Political leaders rarely mention the numbers’ significance and focus instead on the state’s business-friendly tax and regulation policies.
Yet, the power of those two intertwined statistics transcends the others. When it comes to the chances of average Hoosiers seeing an improvement in their quality of life, those two stats are bottom-line. The rest is just details.
The first involves education levels. Indiana ranked 43rd in the percentage of its population holding at least a college bachelor’s degree in 2011, according to the Indiana Business Research Center.
The second involves incomes. Indiana ranked 40th in per-capita income among its residents that same year.
Lowly rankings in those two statistical economic categories aren’t a coincidence. Indiana needs more of its young people to finish college.
An initiative by the Indiana Commission for Higher Education could lead to an crucial increase in the number of college graduates from low-income backgrounds. The “college success coaching” program emerged from a pilot project conducted last year at Indiana State University. ISU contracted with a company, InsideTrack, to provide academic coaches for 1,000 freshmen in the 2013-14 collegiate year. The coaches kept in contact with the students by telephone every two weeks, listening to their worries, answering questions, guiding them to on-campus services, helping them set goals, and encouraging them to involve themselves in activities.

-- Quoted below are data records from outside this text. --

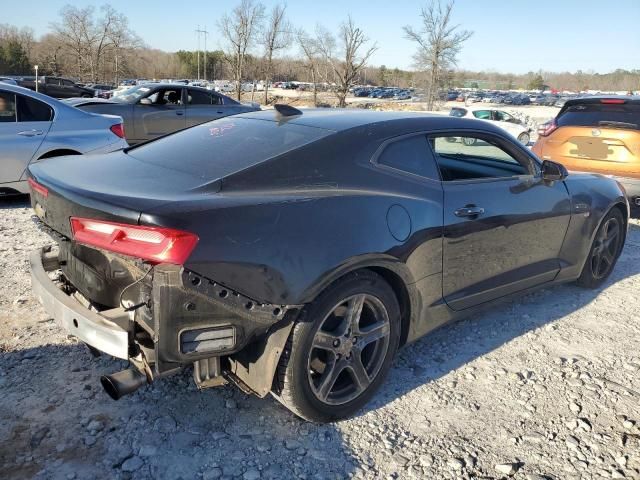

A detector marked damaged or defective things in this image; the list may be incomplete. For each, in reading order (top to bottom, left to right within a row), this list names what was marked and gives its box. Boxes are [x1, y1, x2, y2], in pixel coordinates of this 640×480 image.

damaged rear bumper [29, 246, 131, 358]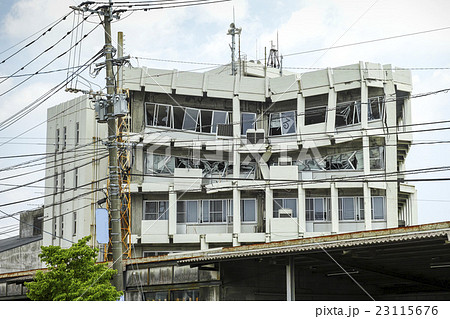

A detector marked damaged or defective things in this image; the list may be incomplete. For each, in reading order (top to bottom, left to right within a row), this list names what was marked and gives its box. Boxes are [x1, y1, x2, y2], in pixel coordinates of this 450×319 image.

broken window [368, 96, 384, 121]
broken window [268, 111, 298, 136]
broken window [144, 201, 169, 221]
broken window [272, 199, 298, 219]
broken window [306, 199, 330, 221]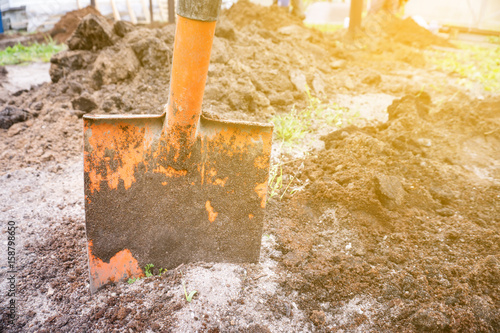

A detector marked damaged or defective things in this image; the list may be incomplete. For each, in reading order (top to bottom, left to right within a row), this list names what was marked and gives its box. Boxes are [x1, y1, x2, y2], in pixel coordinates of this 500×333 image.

orange paint chipping [86, 240, 143, 292]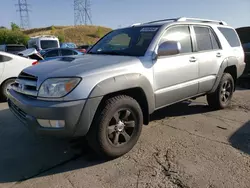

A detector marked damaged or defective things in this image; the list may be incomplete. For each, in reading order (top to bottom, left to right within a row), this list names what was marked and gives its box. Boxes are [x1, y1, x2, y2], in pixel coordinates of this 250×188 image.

cracked asphalt [0, 88, 249, 188]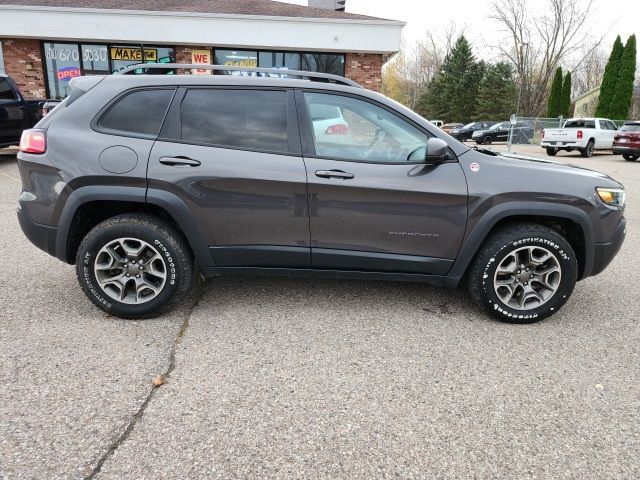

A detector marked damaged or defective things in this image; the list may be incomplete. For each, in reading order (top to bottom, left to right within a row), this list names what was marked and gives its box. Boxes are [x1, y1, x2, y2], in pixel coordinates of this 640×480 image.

crack in pavement [81, 282, 204, 480]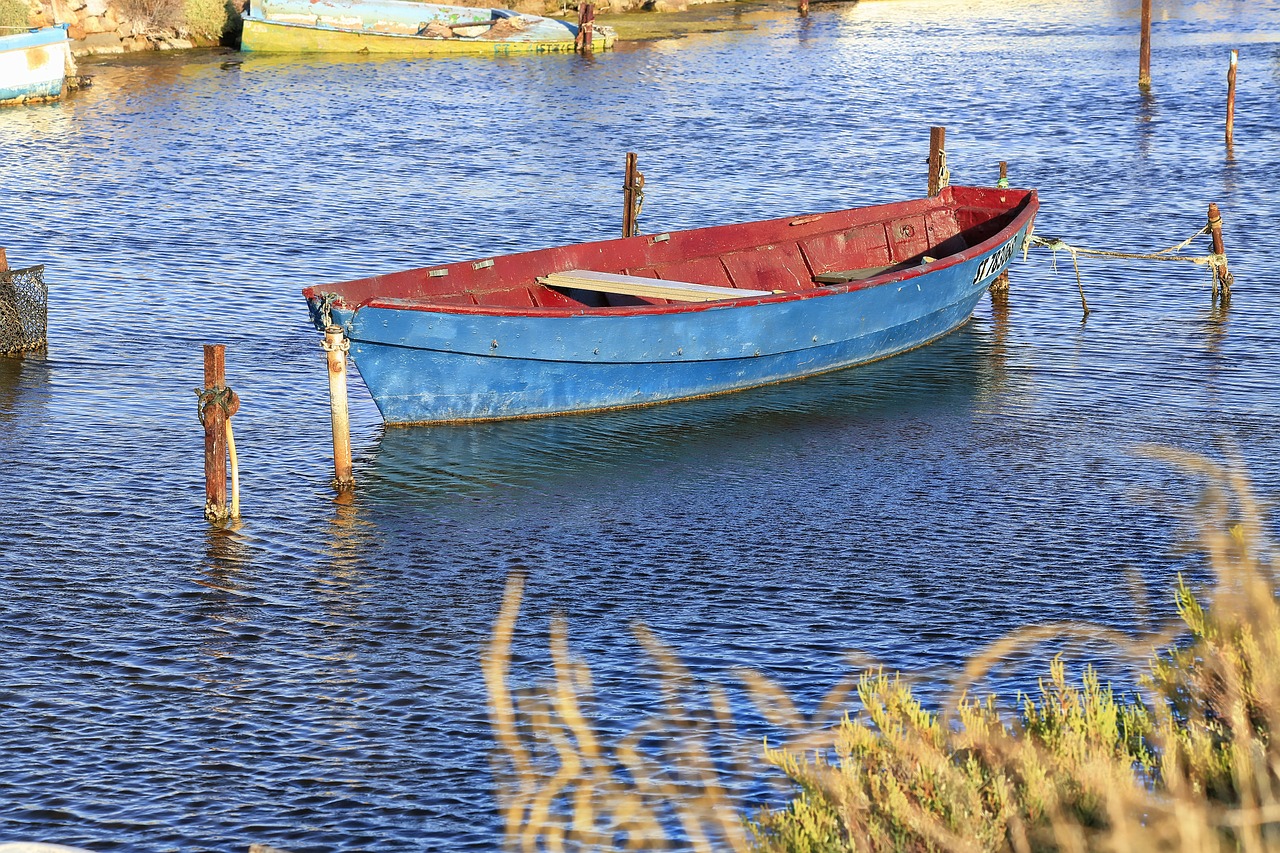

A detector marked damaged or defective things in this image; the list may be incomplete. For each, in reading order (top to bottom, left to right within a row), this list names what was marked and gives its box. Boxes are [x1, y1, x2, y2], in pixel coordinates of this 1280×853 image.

rusty metal pole [578, 1, 596, 52]
rusty metal pole [619, 151, 640, 236]
rusty metal pole [926, 125, 947, 197]
rusty metal pole [1208, 202, 1228, 298]
rusty metal pole [200, 343, 229, 517]
rusty metal pole [322, 324, 353, 489]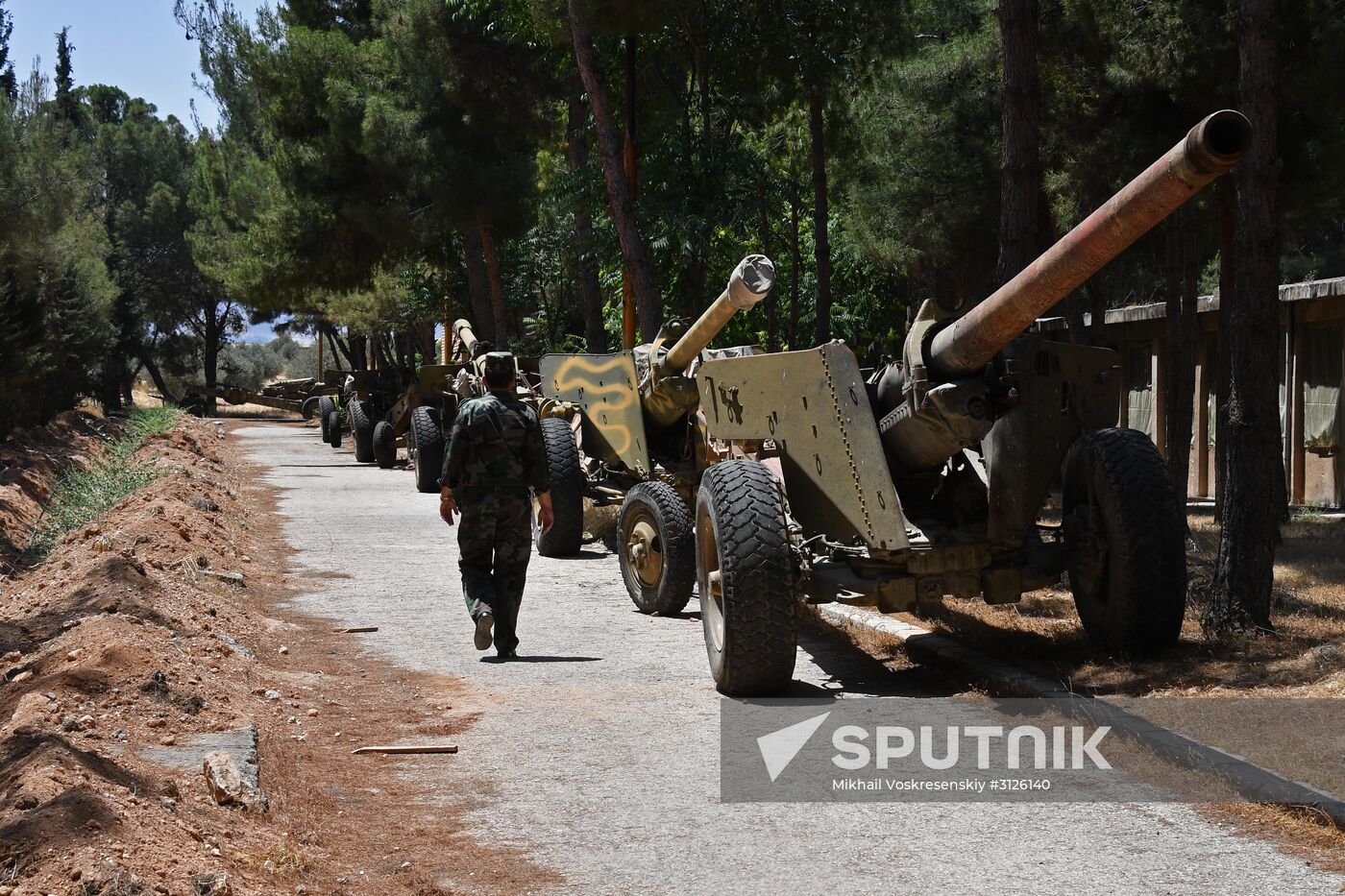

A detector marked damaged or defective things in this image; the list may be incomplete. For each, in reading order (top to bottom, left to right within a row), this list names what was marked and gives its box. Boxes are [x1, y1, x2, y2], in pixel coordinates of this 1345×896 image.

rusty gun barrel [653, 255, 772, 378]
rusty gun barrel [930, 110, 1253, 378]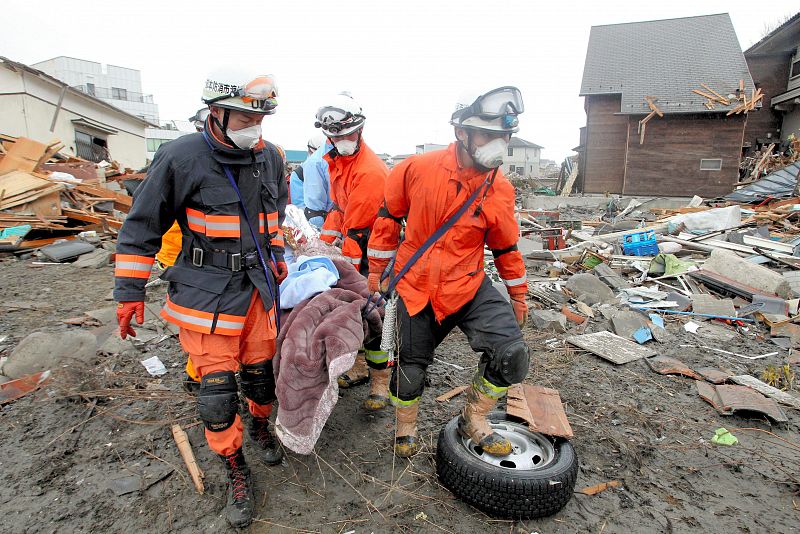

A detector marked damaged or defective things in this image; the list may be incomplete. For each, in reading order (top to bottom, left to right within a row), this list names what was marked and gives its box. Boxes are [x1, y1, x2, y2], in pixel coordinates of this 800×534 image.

splintered wood [506, 386, 576, 440]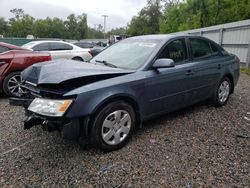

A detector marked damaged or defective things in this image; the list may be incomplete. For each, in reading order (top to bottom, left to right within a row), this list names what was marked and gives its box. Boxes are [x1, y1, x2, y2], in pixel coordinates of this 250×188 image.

crumpled front bumper [9, 97, 87, 140]
damaged blue sedan [10, 34, 240, 151]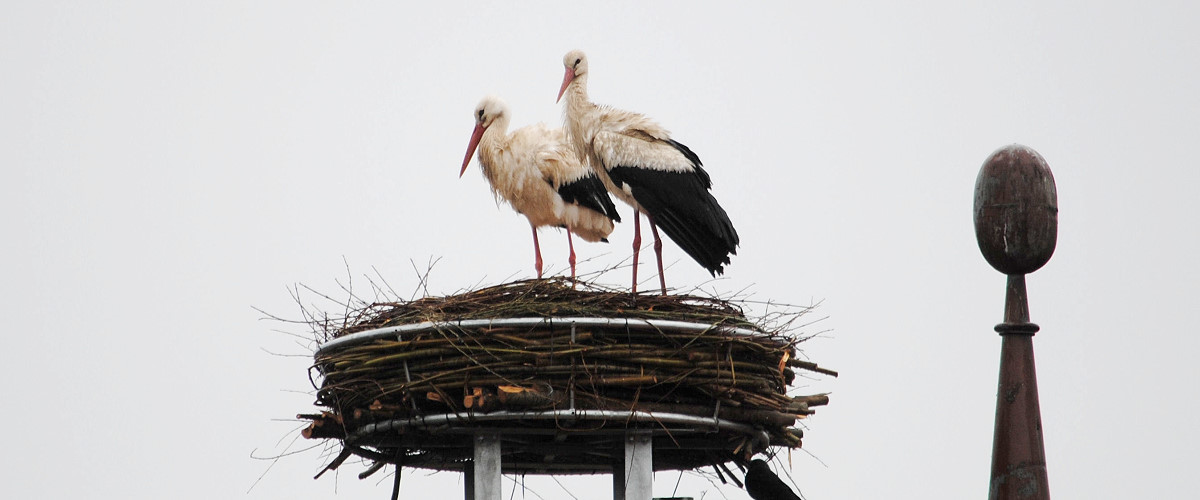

It worked well, said Josh Powers, ISU’s associate vice president for student success.
So the state commission used a $2.4-million grant from USA Funds, a nonprofit philanthropic and policy organization in Indianapolis, to implement the college success coaching plan on a more statewide basis, offering that assistance to 2,500 incoming freshman this fall at ISU, IUPUI and Ivy Tech Community College campuses.